Procedural: Having to do with the way a committee is run, as opposed to the
topic being discussed. All delegates present must vote on procedural matters
and may not abstain.
Quorum: The minimum number of delegates needed to be present for a
committee to meet. In the General Assembly, a quorum consists of one third
of the members to begin debate, and a majority of members to pass a
resolution. In the Security Council, no quorum exists for the body to debate,
but nine members must be present to pass a resolution.
Resolution: A document that has been passed by an organ of the UN that
aims to address a particular problem or issue.
Right of Reply: A right to speak in reply to a previous speaker's comment,
invoked when a delegate feels personally insulted by another's speech.
Generally requires a written note to the Chair to be invoked.
Roll Call: The first order of business in a Model UN committee, during which
the Rapporteur reads aloud the names of each member state in the
committee. When a delegate's country's name is called, he or she may
respond "present" or "present and voting." A delegate responding "present
and voting" may not abstain on a substantive vote.
Rules of Procedure: The rules by which a Model UN committee is run.
Second: To agree with a motion being proposed. Many motions must be
seconded before they can be brought to a vote.
Secretariat: The staff of a Model UN conference. At BRAMUN, this includes
the Secretary General and the Chief Informations Officer.
Signatory: A country that wishes a draft resolution to be put on the floor and
signs the draft resolution to accomplish this. A signatory need not support a
resolution; it only wants it to be discussed. Usually, Model UN conferences

require some minimum number of sponsors and signatories for a draft


resolution to be approved.
Simple majority: 50% plus one vote of the number of delegates in a
committee. The amount needed to pass most votes.
Speakers' List: A list that determines the order in which delegates will speak.
Whenever a new topic is opened for discussion, the Chair will create a
speakers' list by asking all delegates wishing to speak to raise their placards
and calling on them one at a time. During debate, a delegate may indicate that
he or she wishes to be added to the speakers' list by sending a note to the
dais.
Sponsor: One of the writers of a draft resolution. A friendly amendment can
only be created if all sponsors agree.
Substantive: Having to do with the topic being discussed. A substantive vote
is a vote on a draft resolution or amendment already on the floor during voting
bloc. Only member states (not observer states or non-governmental
organizations) may vote on substantive issues.
Unmoderated Caucus: A type of caucus in which delegates leave their seats
to mingle and speak freely. Enables the free sharing of ideas to an extent not
possible in formal debate or even a moderated caucus. Frequently used to
sort countries into blocs and to write working papers and draft resolutions.

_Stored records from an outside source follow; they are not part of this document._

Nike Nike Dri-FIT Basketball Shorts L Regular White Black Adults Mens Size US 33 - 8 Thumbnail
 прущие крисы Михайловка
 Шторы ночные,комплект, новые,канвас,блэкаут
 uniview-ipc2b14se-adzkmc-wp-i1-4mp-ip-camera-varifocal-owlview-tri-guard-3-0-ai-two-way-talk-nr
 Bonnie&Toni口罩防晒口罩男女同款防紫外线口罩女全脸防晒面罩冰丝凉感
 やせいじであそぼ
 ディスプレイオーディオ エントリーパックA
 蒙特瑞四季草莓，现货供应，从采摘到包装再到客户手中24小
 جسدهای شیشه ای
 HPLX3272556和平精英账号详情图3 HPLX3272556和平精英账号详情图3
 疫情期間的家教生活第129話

Working Paper: A document in which the ideas of some delegates on how to
resolve an issue are proposed. Frequently the precursor to a draft resolution.
Veto: The ability, held by China, France, the Russian Federation, the United
Kingdom, and the United States to prevent any draft resolution in the Security
Council from passing by voting no.
Vote: A time at which delegates indicate whether they do or do not support a
proposed action for the committee. There are two types: procedural and
substantive.
Voting procedure: The period at the end of a committee session during
which delegates vote on proposed amendments and draft resolutions. Nobody
may enter or leave committee at this time.